Visual generation with discrete tokens has gained significant attention as it enables a unified token prediction paradigm shared with language models. However, current discrete generation methods remain limited to low-dimensional latent tokens (typically 8-32 dims), sacrificing the semantic richness essential for understanding. While high-dimensional pretrained representations (768-1024 dims) could bridge this gap, their discrete generation poses fundamental challenges.
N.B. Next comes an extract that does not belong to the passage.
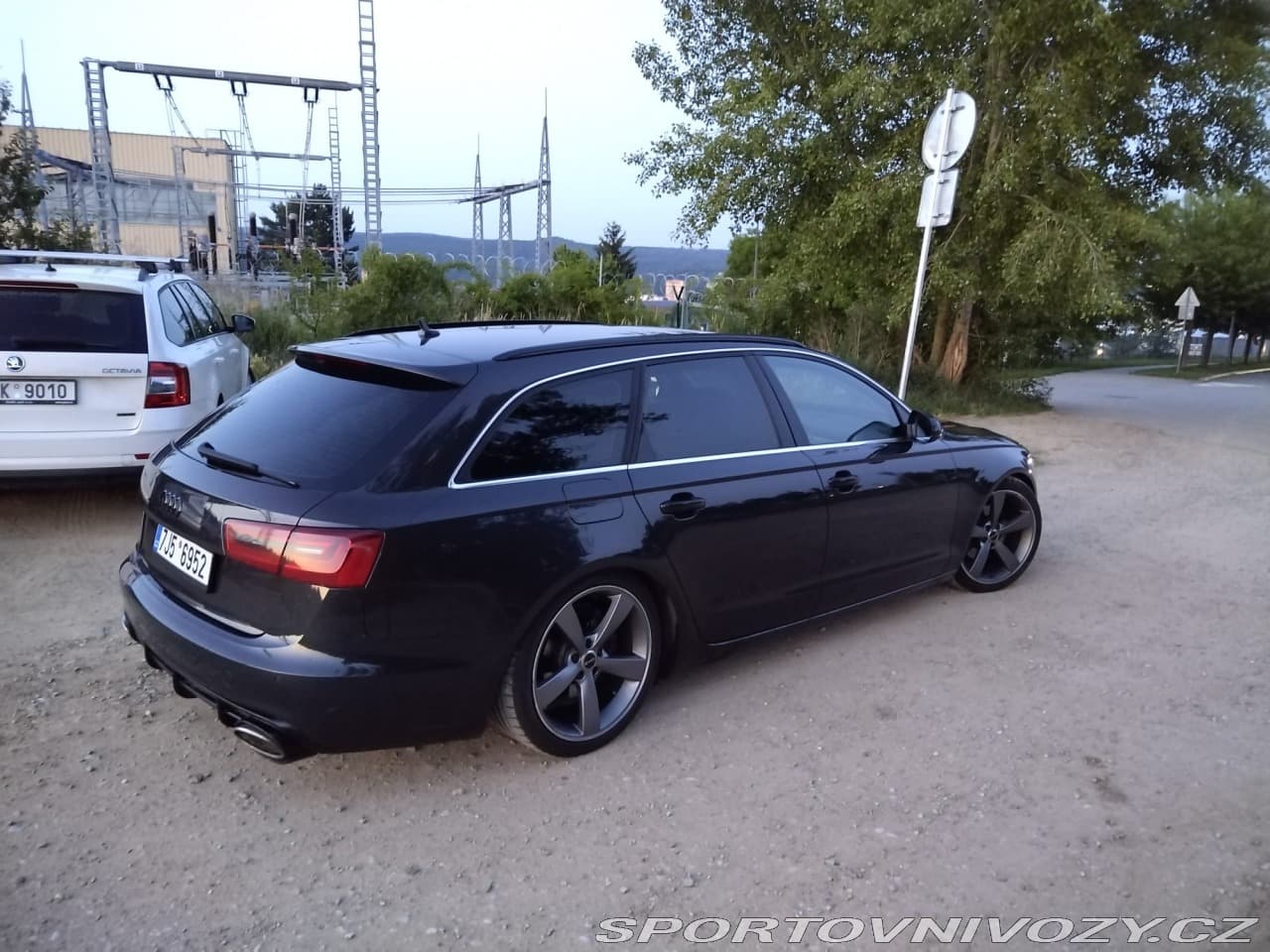 2012 Audi A6 - 13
We present Cubic Discrete Diffusion (CubiD), the first discrete generation model for high-dimensional representations. CubiD performs fine-grained masking throughout the high-dimensional discrete representation—any dimension at any position can be masked and predicted from partial observations. This enables the model to learn rich correlations both within and across spatial positions, with the number of generation steps fixed at T regardless of feature dimensionality, where T ≪ h×w×d. On ImageNet-256, CubiD achieves state-of-the-art discrete generation with strong scaling behavior from 900M to 3.7B parameters. Crucially, we validate that these discretized tokens preserve original representation capabilities, demonstrating that the same discrete tokens can effectively serve both understanding and generation tasks.
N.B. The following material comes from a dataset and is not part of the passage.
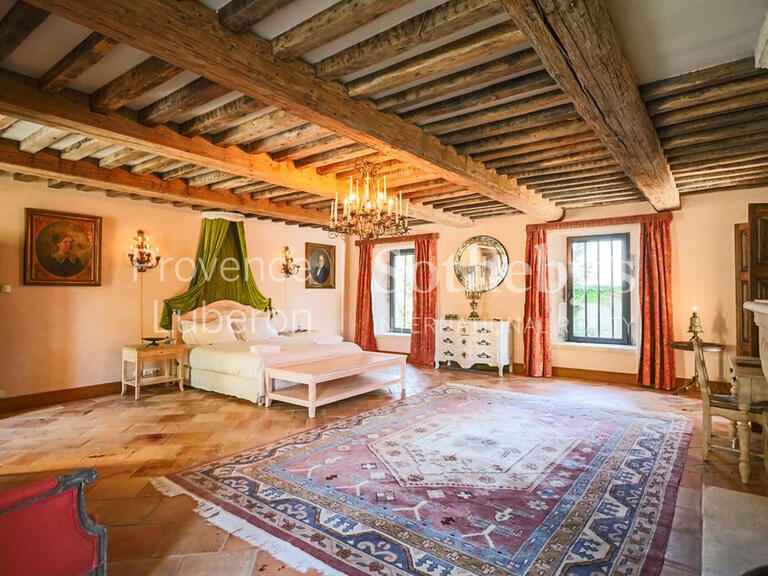 Maison Bonnieux - 8 chambres - 1100m²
CubiD follows the discrete diffusion paradigm by treating generation as iterative denoising of masked tokens. Unlike traditional methods that mask entire spatial positions, CubiD performs fine-grained masking at the dimension level—treating the h×w×d tensor as a unified modeling space where any subset of dimensions at any position can be masked and predicted from the remaining visible context. This enables the model to capture rich dependencies both within and across spatial locations through bidirectional attention and standard cross-entropy loss.

At inference, CubiD starts from a fully masked tensor and progressively unmasks tokens through iterative refinement—a coarse-to-fine process that establishes global structure first, then refines local details. Crucially, this requires only hundreds of iterations regardless of the 196,608 total tokens, decoupling generation cost from feature dimensionality.
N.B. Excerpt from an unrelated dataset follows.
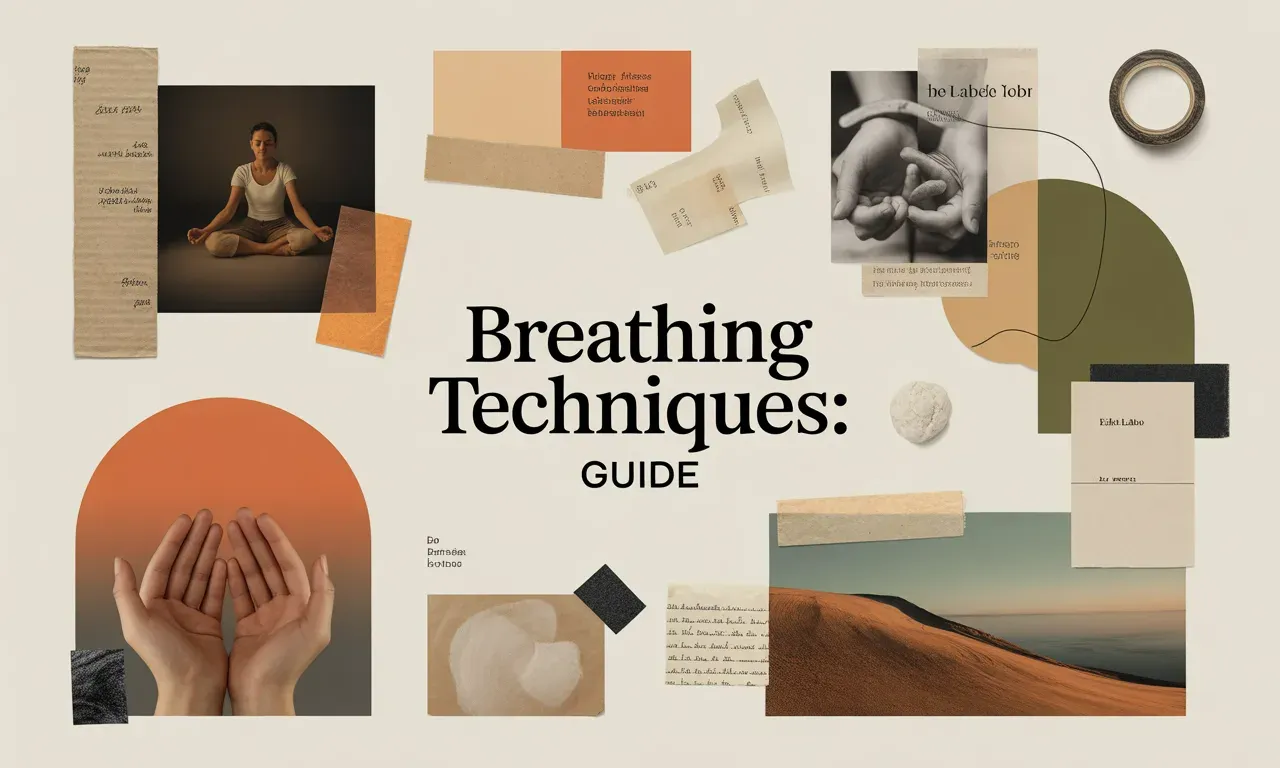 Breathing Techniques: Guide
To validate whether discrete tokens maintain the understanding capabilities of continuous representations, we evaluate on multimodal understanding tasks using the LLaVA framework. We compare three variants: original continuous SigLIP2 features, vector quantization (VQ), and our dimension-wise quantization (DQ).

Traditional vector quantization methods that work well in low dimensions (8-32) fail at 768 dimensions due to the curse of dimensionality. Dimension-wise quantization treats each dimension independently, making discretization tractable at high dimensionality. As shown above, dimension-wise quantized features achieve nearly identical performance to continuous features on all benchmarks, while VQ suffers substantial degradation. This confirms that properly discretized high-dimensional tokens preserve semantic quality for understanding tasks, establishing them as viable unified representations for both understanding and generation.

We compare CubiD with existing discrete generation methods on ImageNet 256×256 class-conditional generation. CubiD directly generates with native high-dimensional representation tokens (768d), while all other methods operate in compressed latent spaces ranging from 8 to 128 dimensions.

Notably, representation tokens show reduced dependency on classifier-free guidance—even without guidance, CubiD-XXL achieves 2.02 gFID, outperforming most existing methods. CubiD also demonstrates consistent improvement with scale, from 2.38 (L) to 2.06 (XL) to 2.02 (XXL) without guidance, exhibiting strong scaling behavior from 900M to 3.7B parameters.